__WHAT TO PRODUCE__
An exact copy of every entry below is required, and no picture may appear in it.
#####
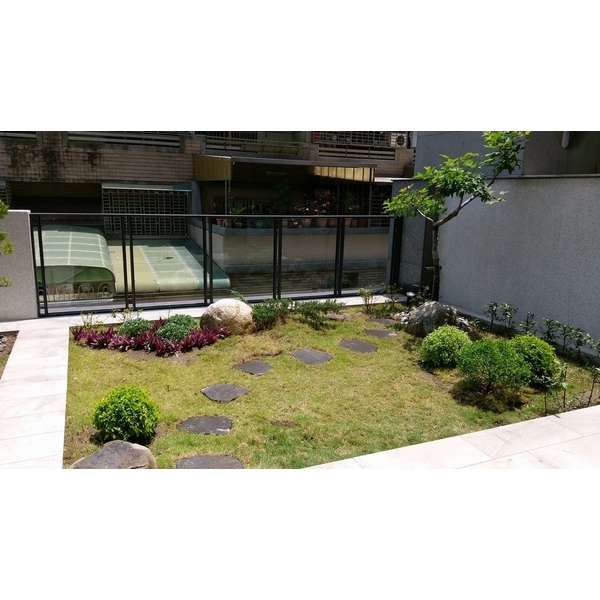 花圃整理-芳禾園園藝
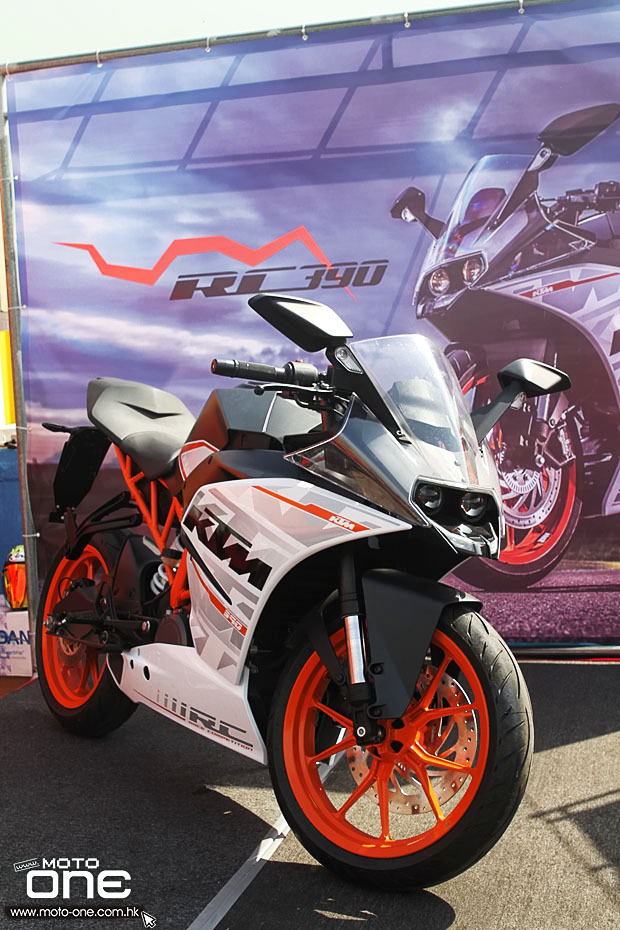 2015 ktm rc390 test day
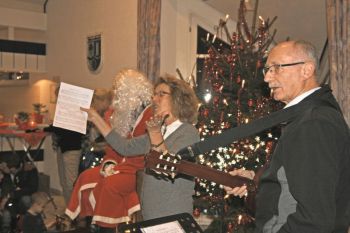 012-2016-Weihnachtsmarkt-mit Nikolaus.jpg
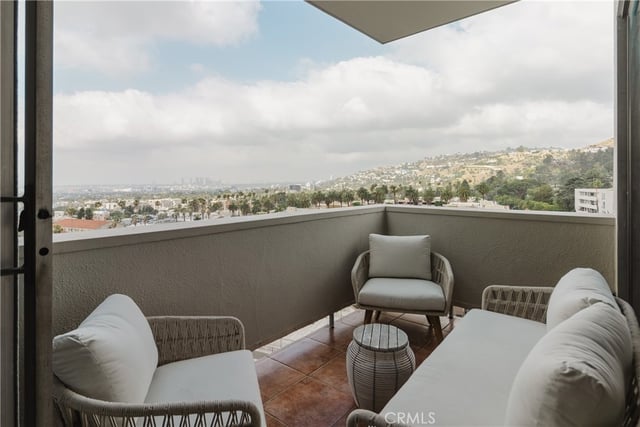 7250 Franklin Avenue 1008, Los Angeles, CA 90046 — photo 6 of 35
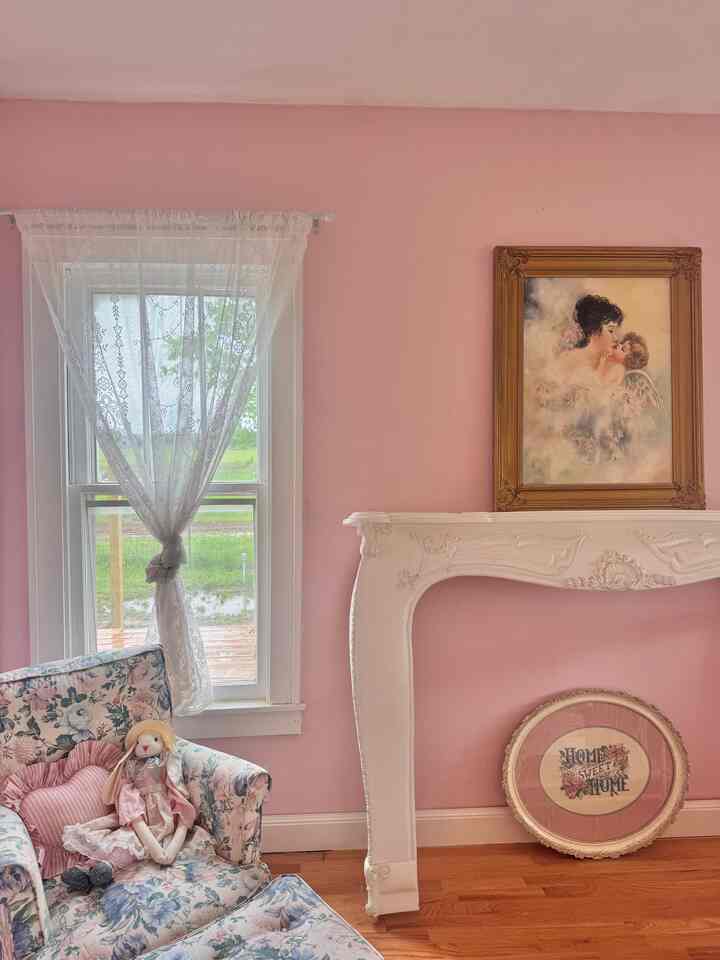 👼🏼🎀🩵 #pink #shabbychic #pinkinterior #angel #livingroom 
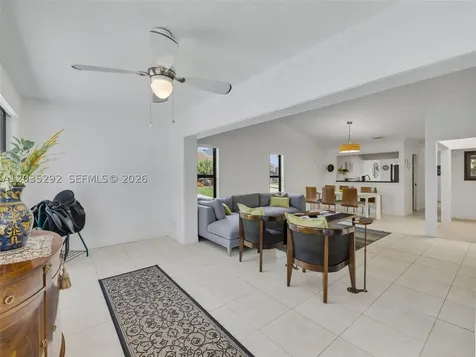 11472 SW 87th Terrace Miami FL 33173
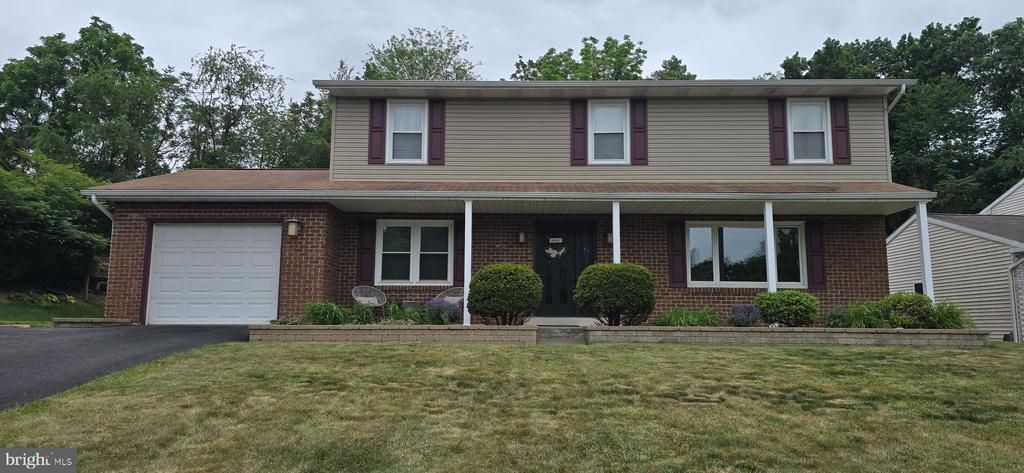 7949 BAYARD DRIVE , HUMMELSTOWN, PA 17036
#####
__EXERCISE SOLUTION__
 花圃整理-芳禾園園藝
 2015 ktm rc390 test day
 012-2016-Weihnachtsmarkt-mit Nikolaus.jpg
 7250 Franklin Avenue 1008, Los Angeles, CA 90046 — photo 6 of 35
 👼🏼🎀🩵 #pink #shabbychic #pinkinterior #angel #livingroom 
 11472 SW 87th Terrace Miami FL 33173
 7949 BAYARD DRIVE , HUMMELSTOWN, PA 17036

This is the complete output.